How to be the winner of unfairness

Unfairness is not uncommon in our lives. Not necessarily that it is done intentionally; many times we become egocentric and only see our own perspective and feel hurt by unfairness. 

We are not unaware of the bitterness caused by unfairness and how it spoils our lives. Still, unknowingly, it rules our lives now and then. So, some people have tried to overpower this crippling power. They are no better than those who couldn't override the unfairness. They are not people who simply accept the unfairness and keep walking ignorantly. Rather, they develop these qualities within them to deal with the unfairness presented.

A) Control over emotional response

These people are aware of their moment-to-moment emotions every time. So when an incident triggers their emotional response, they know something has gone wrong and try to understand it rather than allowing it to obsess them and overthink. Instead, they allow this emotional response to express itself, feel it, and end the process there rather than adding obsessive overthinking and ruining all.

B) Stop obsessive thoughts

Once you know your emotions and the overactive thoughts fueling them, you will start working on those thoughts that always draw you to the same old blame-game situation. Stopping these obsessive thoughts is very important because they drain our energy, unnecessarily magnify our emotions, which are not required, and just make us focused on problems, crippling our ability to visualise and work on solutions. 

B) Rationally think

These people just don't act on their emotions, blindly clasped in obsessive thoughts. They make themselves aware of their moment-to-moment emotions only to deal with them and not allow them to uncontrollably rule them. They feel them, understand their importance, and rationally argue their existence. They check their obsessive thoughts and rationally question them. 

When we rationally start to see things, sometimes injustice appears to be less important than other issues. This reminded me of an issue in my life. When I started my job as a nurse, things went wrong, and now everybody sees me as if I know nothing. That was not true; I knew that, but I was treated badly. At that time, focusing on that was not a wise choice. So, I started looking for ways to do things right. 

At other times, injustice wails for justice. We find it difficult to calm this cry. This is the time when we have to control our emotions and think rationally. The injustice I encountered was massive. It shook me completely, and I just wanted to tell everyone that I was right. But this move would be in vain. So, I became quiet. I tried to analyse what was happening around me. Who are my friends and foes? The spiderweb of confusion and misunderstanding was vast. I could not find people who were in my favor. So, I knew this battle was not easy, and I had to fight it all alone. Hence, I became more observant and made moves that would be in my favour with good planning and calmness. When I started doing this, my opponents started saying, "I don't like people who do not share what they are thinking." I knew I was right, and I kept moving ahead despite their comments. 

C) Differentiates between what they control and what they cannot control.

Control is a very beautiful key to everything, yet it is not always useful. Sometimes controls work miracles, like when we have exams and we are put on control to not watch much TV. This move is rewarding. On the other hand, when our child is not listening, our control works negatively, widening the gap between the parent-child relationship. Here, more than Control, Care works. The same thing works in our emotional world too. Many emotions refuse to bow down to control. The more we control them, the more vigorous they become. So, knowing oneself is very important. This can only tell us what we can control and what we cannot control. It is better to invest in things that we can control rather than beat our heads over uncontrollable things.

Many times we cannot control the injustice, like in my case. The thing that has happened has already harmed both of us. But if I am struck there only and don't move further, that is not good. We should keep moving. Though this thing made me disbalanced for a while, I regained my calmness and started to work sensibly. I did not question my injustice; rather, I invested in doing my work right. Over time, other team members saw my efforts and challenged those who treated me unjustly. That was a massive move, but it took me patient perseverance for three and a half years. 
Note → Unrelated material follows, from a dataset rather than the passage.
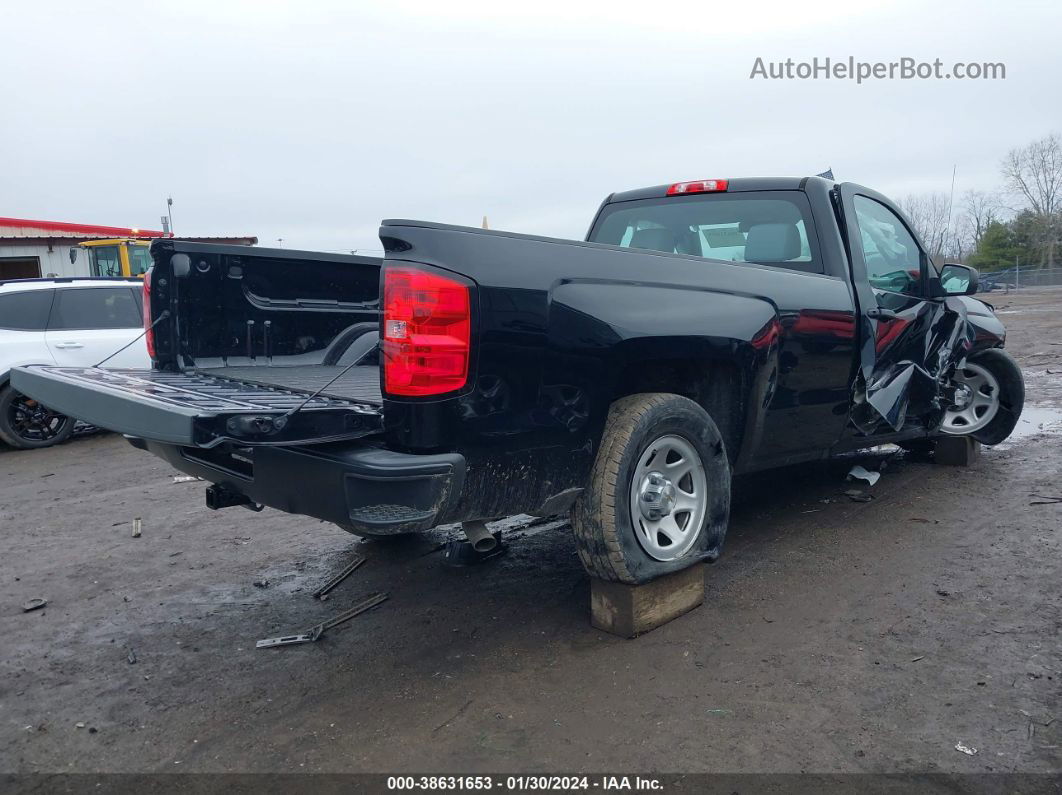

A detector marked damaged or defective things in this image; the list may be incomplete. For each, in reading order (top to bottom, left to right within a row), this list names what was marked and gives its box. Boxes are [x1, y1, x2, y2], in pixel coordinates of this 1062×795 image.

crashed car [8, 177, 1024, 584] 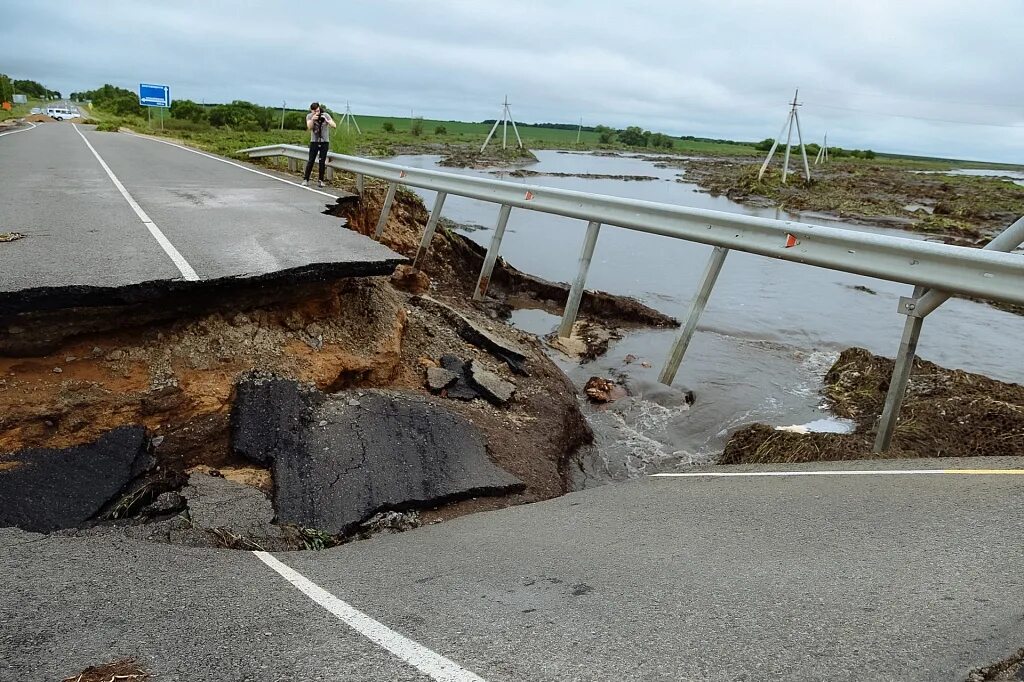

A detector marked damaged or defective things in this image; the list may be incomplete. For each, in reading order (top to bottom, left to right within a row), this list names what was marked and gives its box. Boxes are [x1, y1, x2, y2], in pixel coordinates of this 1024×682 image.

Yes, injustice instills intolerable pain and hurt. We need to work on it immediately so that it does not turn into an indurating wound. We need to connect to our emotions and let them flow, but not under obsessive thoughts; rather, in a rational way, we execute our moves. We should also be willing to accept that we are humans and have limitations. Not everything we can control. So wisely, we should choose to work on things that we can change and have an impact on.